Like you I wouldn't have told anyone about my experience either if my muffled attempts to scream didn't wake my girlfriend up!

Fri, 12 Aug 2011 11:03:00 UTC | #860387

KenChimp's Avatar Comment 7 by KenChimp

I have to add this to my reading list.

There are invisible things that go 'blurp' in the night, though. I think they're haunting my stomach. ;-}

Fri, 12 Aug 2011 14:23:22 UTC | #860438

Functional Atheist's Avatar Comment 8 by Functional Atheist

Sounds like an interesting read. I like the notion of starting with the fact that many people have seen or felt things that were uncanny--most people prefer to have their subjective experience respected, and I think you're more likely to change people's minds if that's your starting point.

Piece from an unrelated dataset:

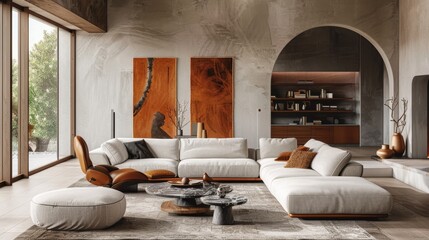 Editorial portrayal of a meticulously crafted modern living room, incorporating elements of comfort and contemporary design.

While nothing remotely paranormal has happened to me, I've had a couple of bright, otherwise-skeptical friends who were convinced they'd experienced the paranormal. One believed he'd seen ghosts, while the other witnessed what she was convinced was either telekinesis, or objects being moved by spectral forces.

They didn't care much for my tepid suggestions that they were dreaming, or hallucinating, so we had to agree to disagree about the meaning of their experiences, and both friendships suffered as a result. These things happen, but the unfortunate aspect isn't so much that I was unable to change their minds, but that they felt my attempt was disrespectful. I just didn't have the information to flesh out my arguments to the point where I wasn't coming across as dismissive, and I think that's where this book may prove to be valuable.

Sun, 14 Aug 2011 06:07:02 UTC | #860891

Zeuglodon's Avatar Comment 9 by Zeuglodon

I finished the book. It's a good read, with a neat test at the beginning. Now I know lots of sneaky tricks to play on other people. The intermission was funny, too.